══ Records to use ══
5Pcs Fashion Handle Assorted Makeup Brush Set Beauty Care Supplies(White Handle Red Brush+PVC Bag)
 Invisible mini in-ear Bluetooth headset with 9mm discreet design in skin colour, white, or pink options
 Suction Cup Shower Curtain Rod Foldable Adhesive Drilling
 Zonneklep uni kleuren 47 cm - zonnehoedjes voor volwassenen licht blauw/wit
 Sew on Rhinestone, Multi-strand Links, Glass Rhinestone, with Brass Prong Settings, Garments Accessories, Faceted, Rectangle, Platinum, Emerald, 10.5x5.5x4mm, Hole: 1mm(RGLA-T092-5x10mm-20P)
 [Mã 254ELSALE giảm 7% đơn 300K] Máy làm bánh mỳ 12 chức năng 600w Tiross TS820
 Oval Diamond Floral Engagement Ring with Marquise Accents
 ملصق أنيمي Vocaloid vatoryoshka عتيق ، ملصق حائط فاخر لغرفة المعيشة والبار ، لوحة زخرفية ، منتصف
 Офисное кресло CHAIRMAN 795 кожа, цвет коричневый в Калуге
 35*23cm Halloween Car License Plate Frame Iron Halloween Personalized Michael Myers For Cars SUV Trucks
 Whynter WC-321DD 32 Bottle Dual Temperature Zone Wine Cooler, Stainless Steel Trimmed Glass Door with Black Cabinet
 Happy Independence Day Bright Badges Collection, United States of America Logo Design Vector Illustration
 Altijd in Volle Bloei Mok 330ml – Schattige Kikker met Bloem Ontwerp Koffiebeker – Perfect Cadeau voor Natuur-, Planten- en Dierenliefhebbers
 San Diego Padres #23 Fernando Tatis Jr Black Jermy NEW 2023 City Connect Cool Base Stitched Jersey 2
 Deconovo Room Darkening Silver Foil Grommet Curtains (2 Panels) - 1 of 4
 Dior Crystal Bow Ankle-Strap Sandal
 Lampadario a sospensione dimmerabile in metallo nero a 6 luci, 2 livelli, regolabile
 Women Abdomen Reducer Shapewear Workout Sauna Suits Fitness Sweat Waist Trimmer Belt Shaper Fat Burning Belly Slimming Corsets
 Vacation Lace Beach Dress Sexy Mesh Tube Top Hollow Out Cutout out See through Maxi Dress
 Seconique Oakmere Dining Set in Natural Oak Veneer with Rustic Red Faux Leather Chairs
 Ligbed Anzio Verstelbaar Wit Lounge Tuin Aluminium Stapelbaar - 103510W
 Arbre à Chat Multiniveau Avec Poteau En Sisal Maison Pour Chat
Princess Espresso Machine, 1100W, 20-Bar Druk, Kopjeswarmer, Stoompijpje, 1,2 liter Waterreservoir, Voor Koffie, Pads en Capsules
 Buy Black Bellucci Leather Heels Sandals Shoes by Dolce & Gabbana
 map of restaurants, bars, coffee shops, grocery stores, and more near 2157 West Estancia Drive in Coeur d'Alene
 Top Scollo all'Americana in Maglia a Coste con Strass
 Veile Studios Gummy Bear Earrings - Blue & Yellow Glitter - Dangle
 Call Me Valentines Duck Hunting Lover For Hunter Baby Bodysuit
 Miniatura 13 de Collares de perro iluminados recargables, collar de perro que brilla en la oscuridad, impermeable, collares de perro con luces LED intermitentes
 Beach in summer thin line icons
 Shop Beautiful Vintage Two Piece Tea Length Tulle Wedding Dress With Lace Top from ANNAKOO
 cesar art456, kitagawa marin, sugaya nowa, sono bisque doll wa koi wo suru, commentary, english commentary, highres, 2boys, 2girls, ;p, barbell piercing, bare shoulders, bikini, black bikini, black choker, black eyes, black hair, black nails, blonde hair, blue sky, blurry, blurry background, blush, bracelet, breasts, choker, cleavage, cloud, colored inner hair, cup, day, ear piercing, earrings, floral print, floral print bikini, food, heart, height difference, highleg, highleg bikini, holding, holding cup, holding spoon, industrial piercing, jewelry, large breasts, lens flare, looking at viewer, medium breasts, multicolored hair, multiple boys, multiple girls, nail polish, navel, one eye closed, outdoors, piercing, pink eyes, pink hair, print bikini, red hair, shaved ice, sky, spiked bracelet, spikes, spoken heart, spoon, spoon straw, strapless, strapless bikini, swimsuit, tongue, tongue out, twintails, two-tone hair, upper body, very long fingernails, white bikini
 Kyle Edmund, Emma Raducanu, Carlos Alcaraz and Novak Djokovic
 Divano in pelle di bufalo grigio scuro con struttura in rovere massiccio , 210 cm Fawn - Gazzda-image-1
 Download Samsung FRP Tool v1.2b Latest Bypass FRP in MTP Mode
═══
* [What the task requires] Among the lines above, count those that include the word "pink". Give only the result.

* [Response area] 2